Benchmark of the Laplacian¶
We test 2 methods for calculating the Laplacian of m with Neumann conditions (zero flux on edges):
Slices of
mare extracted and concatenated with slicedm.Extract slices from
m, shift the elements ofmby one index (create a new array) and assign the extracted slice tom.

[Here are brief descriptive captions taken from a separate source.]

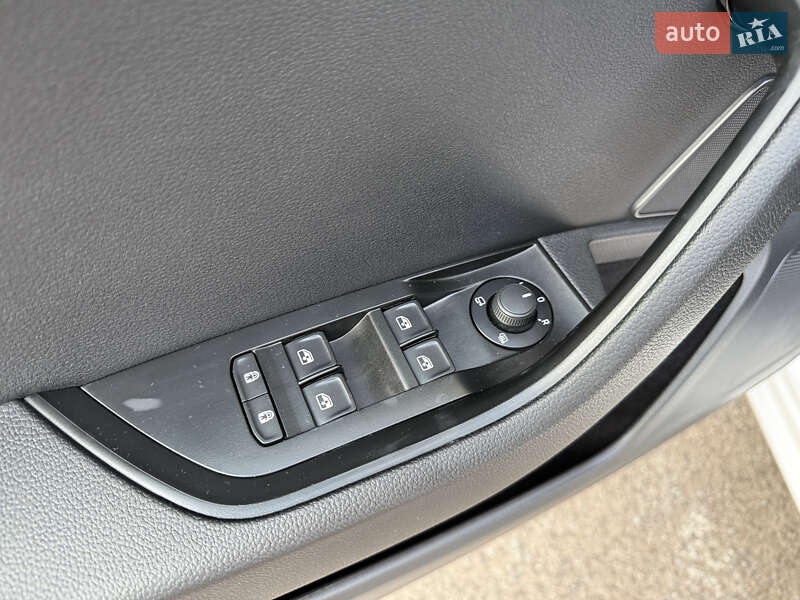 Универсал Skoda Superb 2021 в Ровно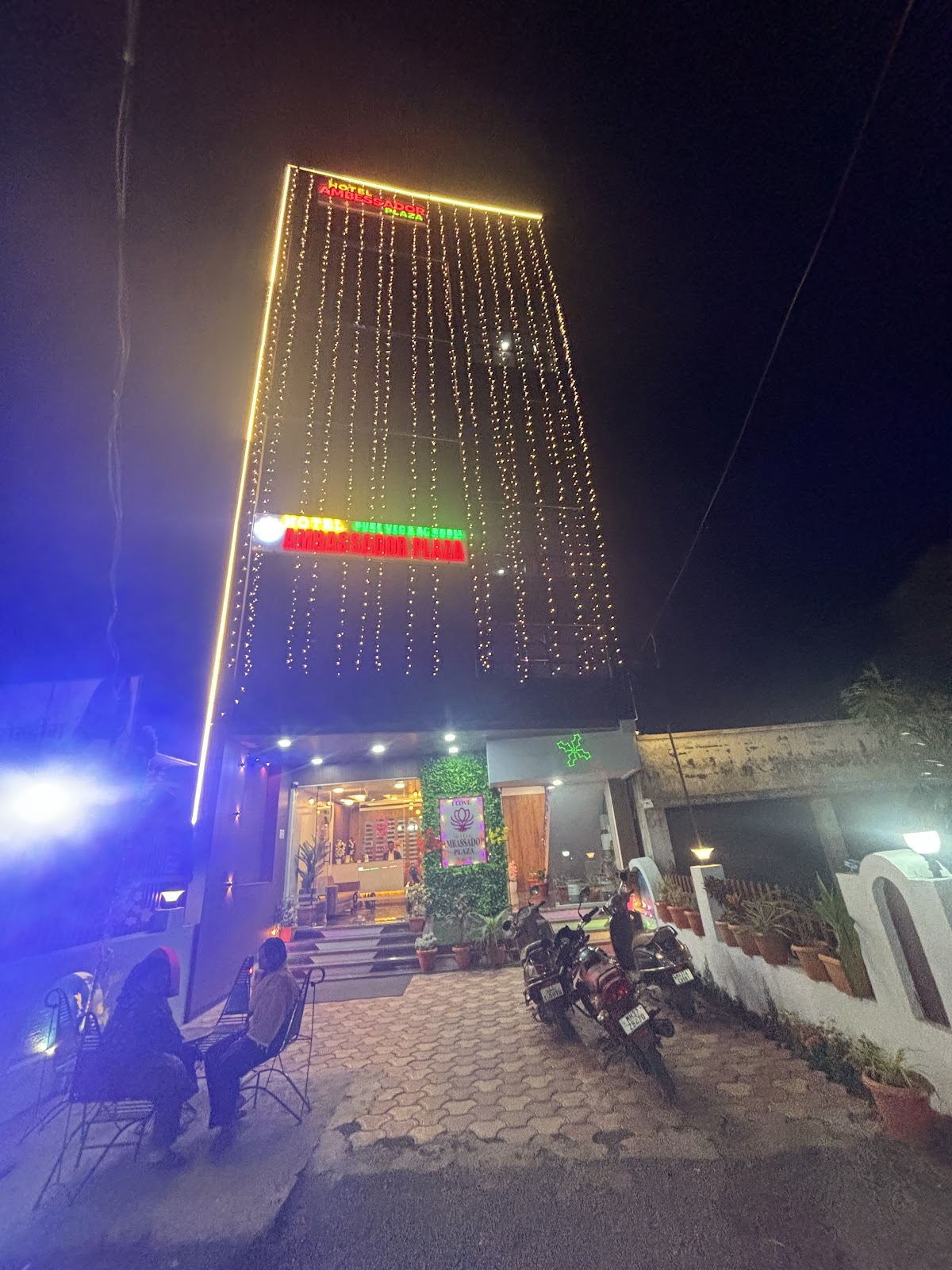 Hotel Ambassador Plaza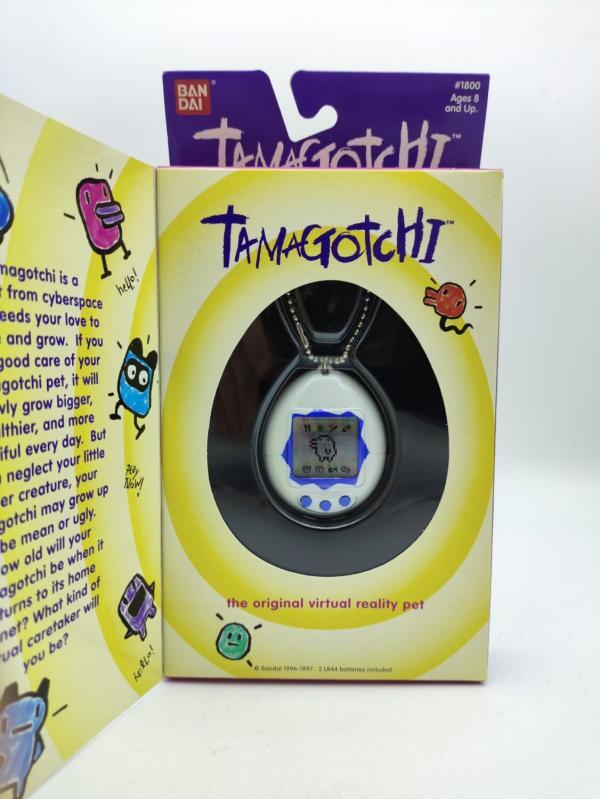 Tamagotchi Original P1/P2 White w/ blue Original Bandai 1997 Boutique-Tamagotchis 2
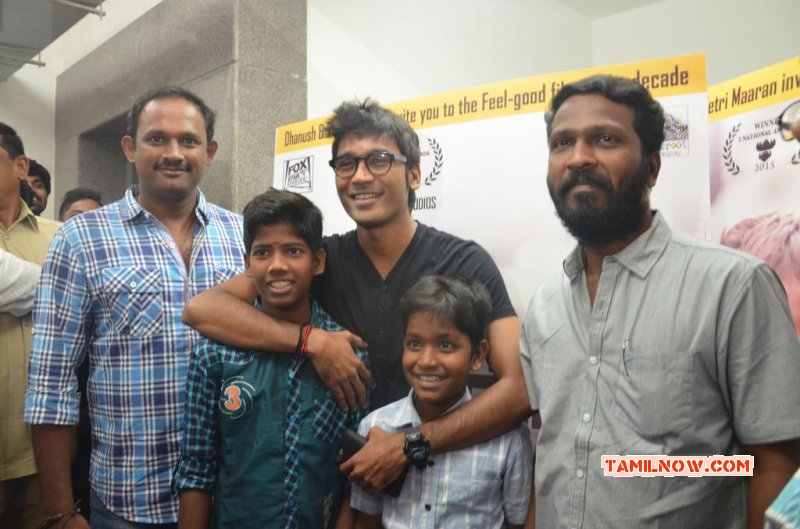 Recent Photo Kaaka Muttai Trailer Launch Tamil Movie Event 6204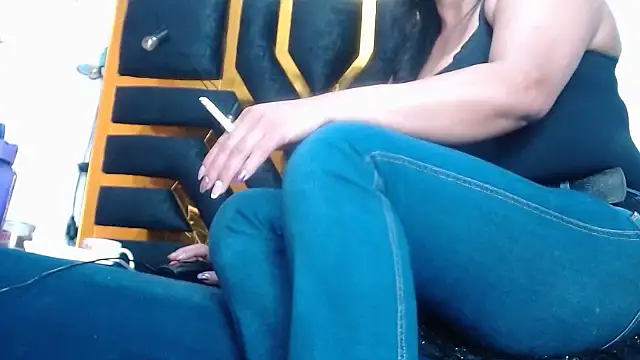 Helennahot online show from December 15, 6:48 pm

A random 3D array is initialized.
[1]:
import numpy as np
m = np.random.rand(6000, 20, 20)
Assume \(\Delta x = \Delta y = \Delta z = 1\).
Method 1¶
[2]:
def laplacian_concat(m, dx=1.0, dy=1.0, dz=1.0):
"""Laplacian operator using numpy concatenation."""

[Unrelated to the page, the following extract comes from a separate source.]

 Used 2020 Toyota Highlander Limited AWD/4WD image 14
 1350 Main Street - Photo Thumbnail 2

dx2_inv, dy2_inv, dz2_inv = 1/dx**2, 1/dy**2, 1/dz**2
center_coeff = -2 * (dx2_inv + dy2_inv + dz2_inv)
m_start_x = m[1:2, :, :]
m_end_x = m[-2:-1, :, :]
m_start_y = m[:, 1:2, :]
m_end_y = m[:, -2:-1, :]
m_start_z = m[:, :, 1:2]
m_end_z = m[:, :, -2:-1]
m_x_plus = np.concatenate((m[1:, :, :], m_end_x), axis=0)
m_x_minus = np.concatenate((m_start_x, m[:-1, :, :]), axis=0)
m_y_plus = np.concatenate((m[:, 1:, :], m_end_y), axis=1)
m_y_minus = np.concatenate((m_start_y, m[:, :-1, :]), axis=1)
m_z_plus = np.concatenate((m[:, :, 1:], m_end_z), axis=2)
m_z_minus = np.concatenate((m_start_z, m[:, :, :-1]), axis=2)
return (dx2_inv * (m_x_plus + m_x_minus) +
dy2_inv * (m_y_plus + m_y_minus) +
dz2_inv * (m_z_plus + m_z_minus) +
center_coeff * m)
Method 2¶
[3]:
def laplacian_roll(m, dx=1.0, dy=1.0, dz=1.0):
"""Laplacian operator using numpy rolling."""
dx2_inv, dy2_inv, dz2_inv = 1/dx**2, 1/dy**2, 1/dz**2
center_coeff = -2 * (dx2_inv + dy2_inv + dz2_inv)
m_start_x = m[1, :, :]
m_end_x = m[-2, :, :]
m_start_y = m[:, 1, :]
m_end_y = m[:, -2, :]
m_start_z = m[:, :, 1]
m_end_z = m[:, :, -2]
m_x_plus = np.roll(m, -1, axis=0)
m_x_plus[-1, :, :] = m_end_x
m_x_minus = np.roll(m, 1, axis=0)
m_x_minus[0, :, :] = m_start_x
m_y_plus = np.roll(m, -1, axis=1)
m_y_plus[:, -1, :] = m_end_y
m_y_minus = np.roll(m, 1, axis=1)
m_y_minus[:, 0, :] = m_start_y
m_z_plus = np.roll(m, -1, axis=2)
m_z_plus[:, :, -1] = m_end_z
m_z_minus = np.roll(m, 1, axis=2)
m_z_minus[:, :, 0] = m_start_z
return (dx2_inv * (m_x_plus + m_x_minus) +
dy2_inv * (m_y_plus + m_y_minus) +
dz2_inv * (m_z_plus + m_z_minus) +
center_coeff * m)
Method 3¶
[4]:
def laplacian_pad(m, dx=1.0, dy=1.0, dz=1.0):
"""Laplacian operator using numpy padding."""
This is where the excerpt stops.